WORK INSTRUCTION:
Go through the entries below line by line and tally those holding "Page"; write only the tally.

TASK MATERIAL: Begin

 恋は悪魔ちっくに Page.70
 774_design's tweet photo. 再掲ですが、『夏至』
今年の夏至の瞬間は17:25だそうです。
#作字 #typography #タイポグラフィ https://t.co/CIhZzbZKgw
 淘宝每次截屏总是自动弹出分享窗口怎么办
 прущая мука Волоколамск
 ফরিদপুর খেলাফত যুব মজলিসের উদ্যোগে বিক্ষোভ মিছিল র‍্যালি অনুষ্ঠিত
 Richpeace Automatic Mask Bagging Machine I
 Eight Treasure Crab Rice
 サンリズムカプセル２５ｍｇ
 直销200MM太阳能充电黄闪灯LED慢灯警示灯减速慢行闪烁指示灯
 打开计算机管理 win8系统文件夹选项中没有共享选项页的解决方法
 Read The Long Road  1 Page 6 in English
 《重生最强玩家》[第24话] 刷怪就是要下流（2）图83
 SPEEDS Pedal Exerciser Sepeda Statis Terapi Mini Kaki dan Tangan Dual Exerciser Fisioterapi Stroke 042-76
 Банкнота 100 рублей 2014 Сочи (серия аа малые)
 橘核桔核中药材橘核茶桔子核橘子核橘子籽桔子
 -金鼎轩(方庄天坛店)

TASK MATERIAL: End

RESPONSE TO THIS TASK:
2